I do not agree with your insistence on a mechanism.
In 1964 the U.S. Surgeon General published a report where he concluded that smoking causes cancer. At that time the mechanisms behind this was not understood. However there was statistical evidence in the form of a study with over 1 million subjects that showed that smoking and cancer were highly correlated.
That meant that either
- A. smoking causes cancer
- B. cancer causes smoking
- C. another third factor causes both smoking and cancer
B. was easily be ruled out by only including those who reported to have smoked for some time prior to getting cancer. From what I understand C. was ruled out by adjusting for plausible third factors.
However I agree with your sentiment that much of the research within this field is low quality (underfunded but performed according to scientific methodology).
Looking at the metastudy linked by JustSnilloc I see some problems with many of the studies included:
1. The number of subjects is too low
3 of the studies have n = 7, 9 and 11. I doubt much trust can be placed in the results of a study with so few subjects. There is appearantly a statistical method called MBI that lets you conclude with high certanity from extremely small sample groups. This method has however been disproved and the only field where it is being used is sports science.

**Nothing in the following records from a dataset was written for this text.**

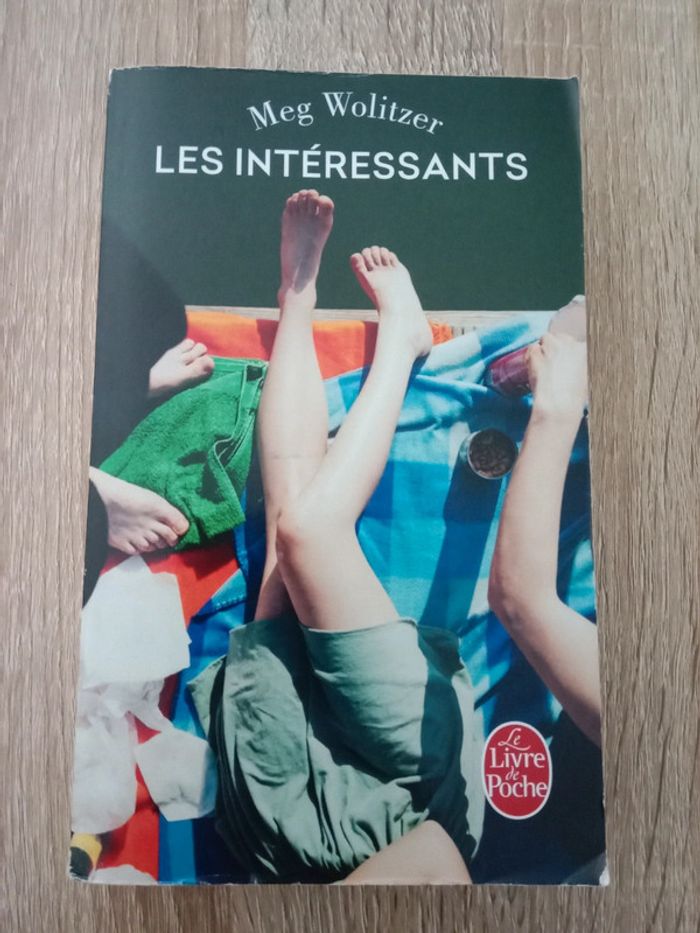 Meg Wolitzer 💠Les intéressants - photo numéro 1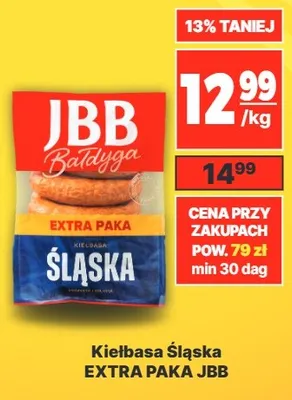 Kiełbasa Śląska promocja w API Market
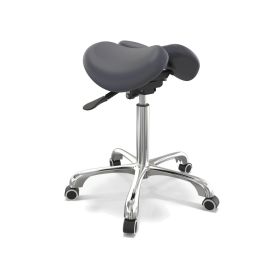 Master® Massage Berkeley Ergonomic Split Seat Style Saddle Stool
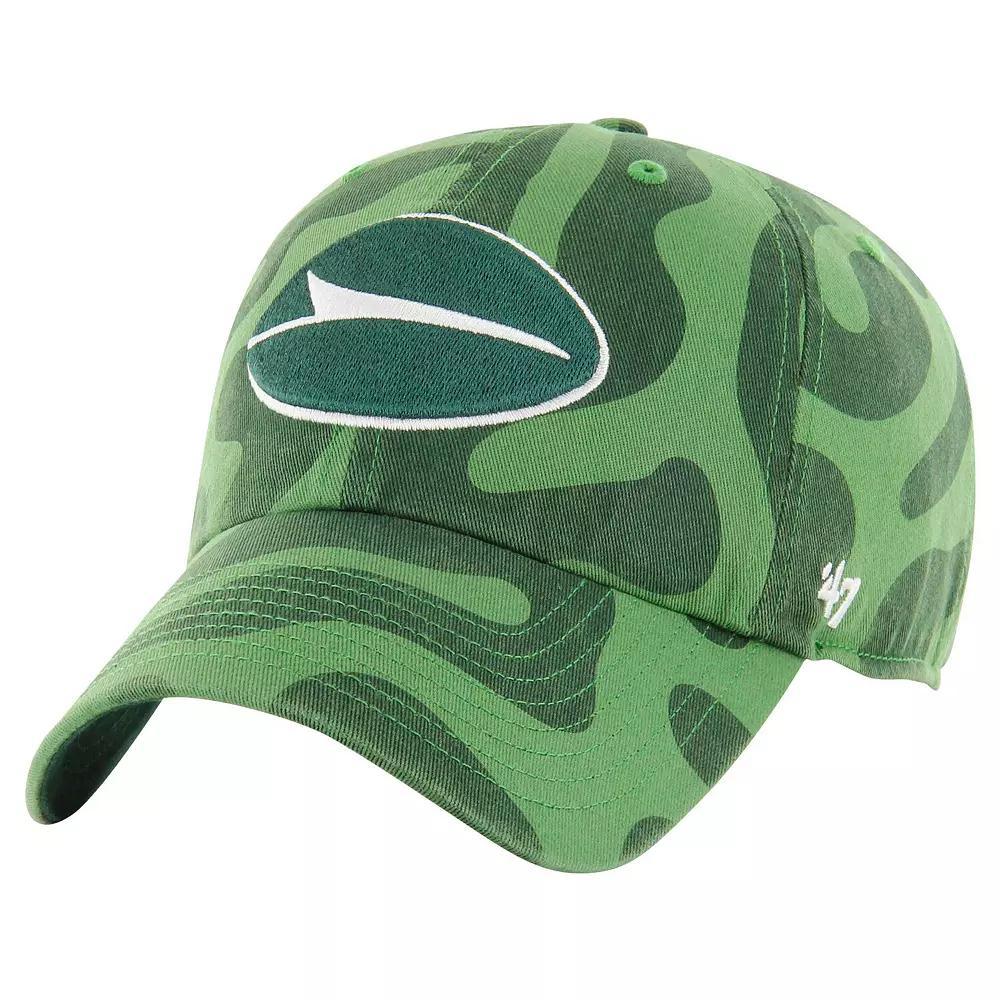 Women's '47  Green New York Jets Freeform Clean Up Adjustable Hat Product Image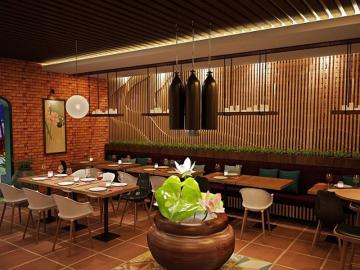 Thiết kế nhà hàng NHN 03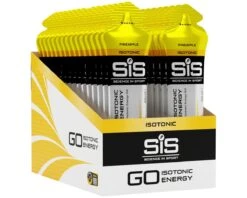 SIS Science In Sport GO Isotonic Energy Gel (Pineapple) (30 | 2oz Packets)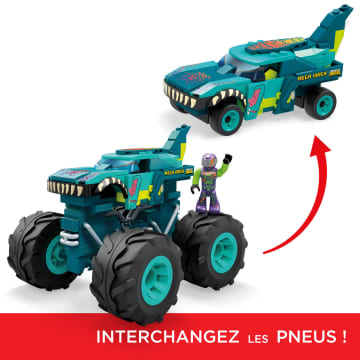Mega Hot Wheels - Monster Truck Mega Wrex - Jouet De Construction - 5 Ans Et + - Imagen 3 de 6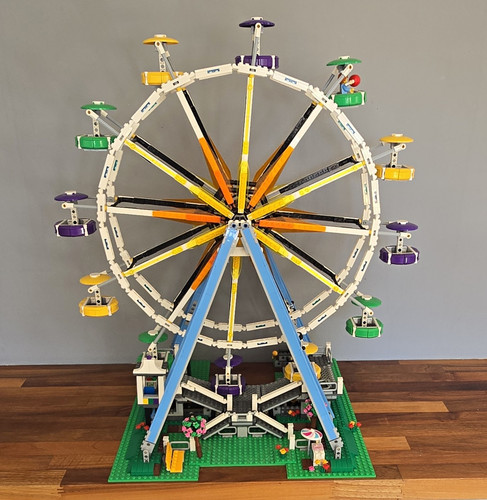 Lego creator expert fairground - lego,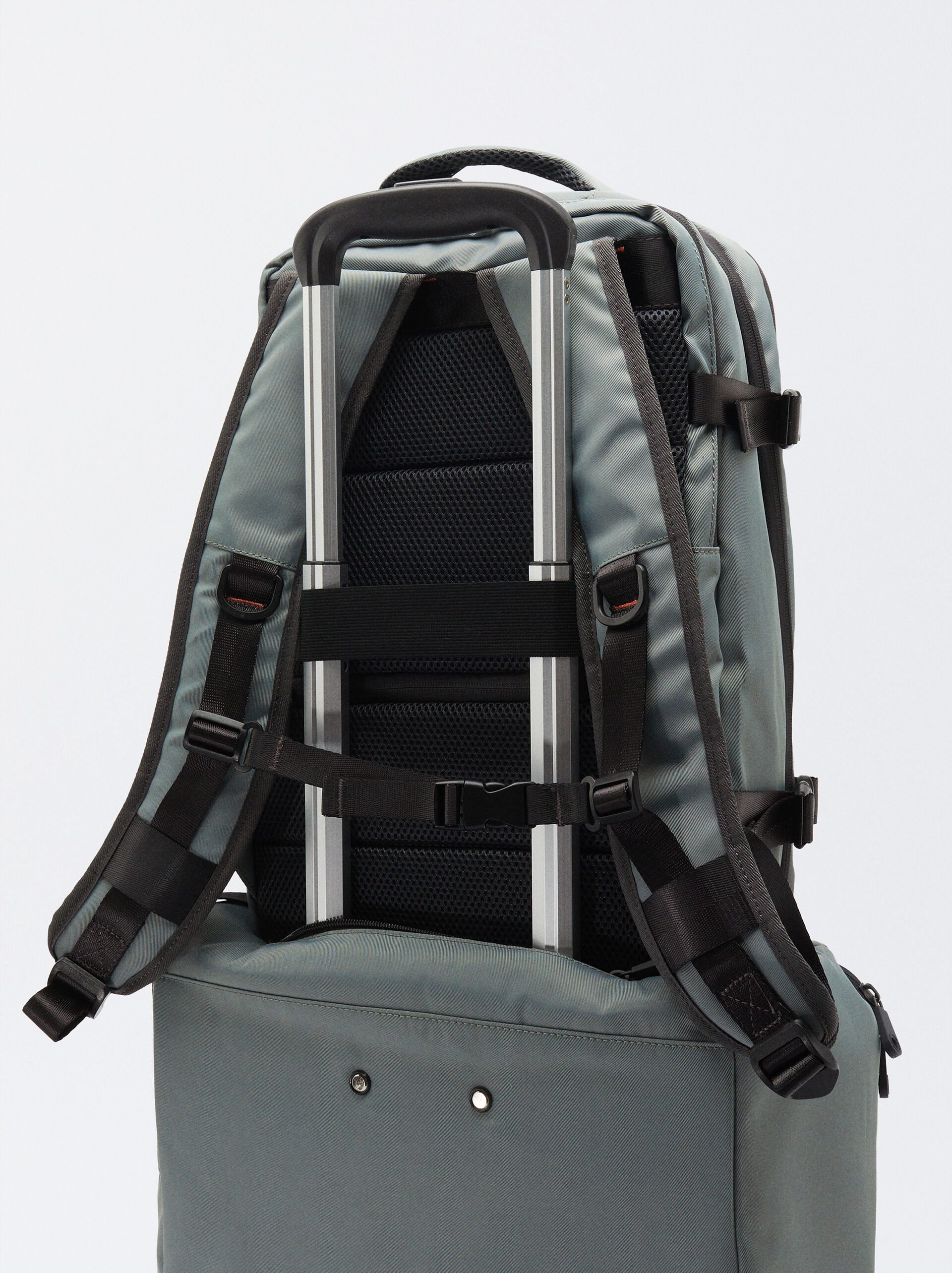 Nylon Suitcase image number 5.0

2. The timespan of the study is too short
For untrained subjects in particular the "newbie effect" causes hypertrophy and strength increases almost regardless of protocol to begin with.
3. It test the wrong hypothesis
It does not test the hypothesis coming from experience in the bodybuilding and strength
communities: 3-5 repetitions are ideal for strength whereas 8-12 is
ideal for hypertrophy. Instead it typically compares 8 repetitions
with 20 repetitions. There seems to be a general problem with papers being produced by people with little or no practical weight training experience: Rippetoe: The Problem with “Exercise Science”
4. The methodology in the included studies are too different.
I also question the value of pooling many studies with slightly varying experiments in a metastudy. As an example say that study A says that 15 reps are better than 10 reps for hypertrophy in the leg press for young men. However study B says that 5 reps are better than 12 reps for hypertrophy in the bench press for women over 40. What are we to conclude from this? The statistical method used to combine all the studies seems highly complex. It also seems to involve a lot of weights and assumptions. I remember the quote "With four parameters I can fit an elephant". Meta-analysis seems to have been used to generate some strange conclusions. This paper questions the use of meta-analyses to evaluate resistance training: "In conclusion, considering the large number of variables
involved in resistance training and the methodological inconsistencies in the current literature, it seems impossible to make
comparisons of different studies or include different studies in
the same analysis".
To me it seems that within this field a lot of reasearch is produced, but much of it is low quality or not really relevant.
There may be a problem with funding.
There seems to be enough funding for running journals and doing peer reviews etc. but maybe not enough funding to actually do long running experiments with a large number of subjects. Instead many resort to trying to extract more info from existing studies by doing meta-studies of questionable quality.
It may also be that such experiments have been conducted by large olympic teams in the past (USSR in particular) but never published. The result may now be common knowledge among top level coaches and they see no need to rerun the same costly experiments.